La location de voiture entre particuliers est-elle légale ?

Oui. C’est une activité encadrée : la plateforme fournit un cadre contractuel, sécurise le paiement et propose une assurance dédiée pendant la durée de la location. Tant que l’on passe par un service organisé et que l’on respecte ses conditions, rien d’irrégulier. Les éventuels revenus du propriétaire relèvent ensuite des règles fiscales habituelles.

Qui assure la voiture pendant la location ?

En principe, c’est l’assurance dédiée de la plateforme qui s’applique le temps de la location, et non l’assurance personnelle du propriétaire, qui se met en pause. Il faut toutefois vérifier l’étendue exacte de cette couverture — dommages, vol, assistance — et surtout le montant de la franchise qui resterait à charge en cas de sinistre.

Est-ce vraiment moins cher qu’une agence ?

Souvent, oui, et c’est généralement plus pratique car le véhicule se trouve près de chez soi. Mais cela dépend du modèle, de la durée et de la plateforme : pour une longue location ou un véhicule rare, l’écart peut se réduire. Le réflexe utile reste de comparer au cas par cas, sans tenir pour acquis que c’est toujours l’option la plus économique.

Que se passe-t-il en cas d’accident ou de panne ?

On suit la procédure de la plateforme, sans improviser : remplir le constat, prendre des photos, déclarer le sinistre dans les délais indiqués, et contacter l’assistance si elle est prévue. Le point essentiel est de tout traiter via l’application et de ne rien régler en dehors, sous peine de perdre le bénéfice de l’assurance.
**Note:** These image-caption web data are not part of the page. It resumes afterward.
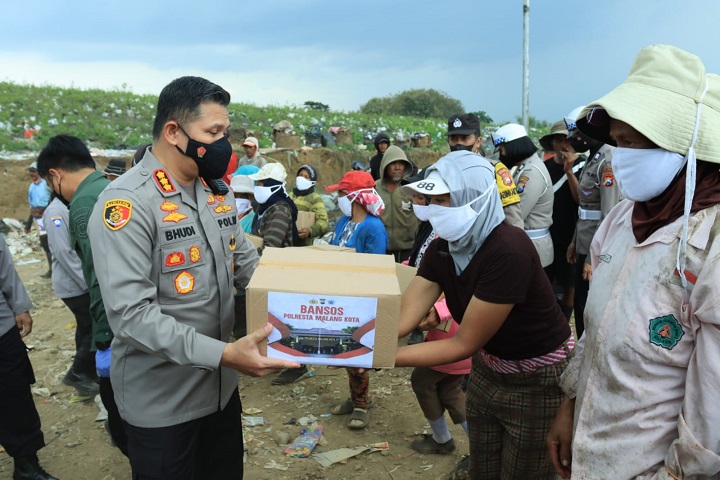 Polresta Malang Kota Bersama UPT Pengolahan Sampah Berbagi untuk Pemulung di TPA Supit Urang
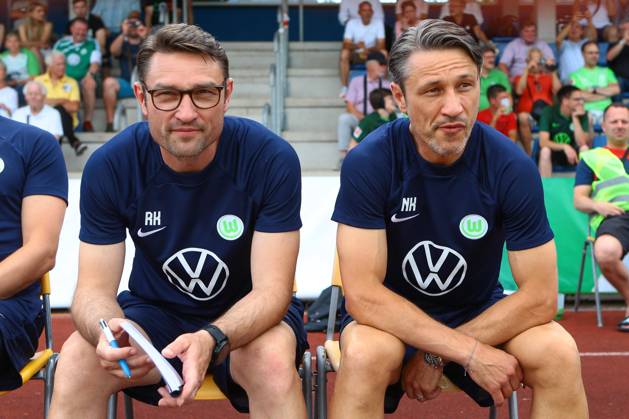 25.06.2022, xtgx, Fussball Testspiel, WAZ Veltins Auswahl - VfL Wolfsburg emspor, v.l. Robert Kovac (Wolfsburg, Co Trainer), Niko Kovac (Wolfsburg, Trainer) (DFL DFB REGULATIONS PROHIBIT ANY USE OF PHOTOGRAPHS as IMAGE SEQUENCES and or QUASI-VIDEO) Fallersleben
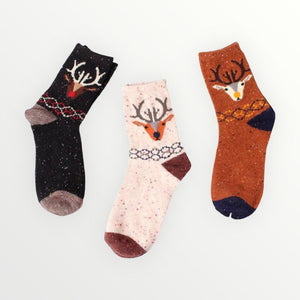 Forest Deer Lightweight Wool Blend Socks - 3 Pairs Pack / Women's Shoe Size 5-10 - UPKIWI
Les revenus de la location de ma voiture sont-ils imposables ?

Ils peuvent l’être, selon les montants perçus et votre situation. Les règles évoluent et dépendent de chaque cas, c’est pourquoi il vaut mieux se renseigner directement auprès de l’administration fiscale plutôt que de se fier à une idée reçue. Conserver le détail des sommes reçues via la plateforme facilite cette démarche.

À chacun de voir, ensuite, s’il préfère prêter ou emprunter — la question n’a pas la même réponse selon ce que la voiture représente dans une vie.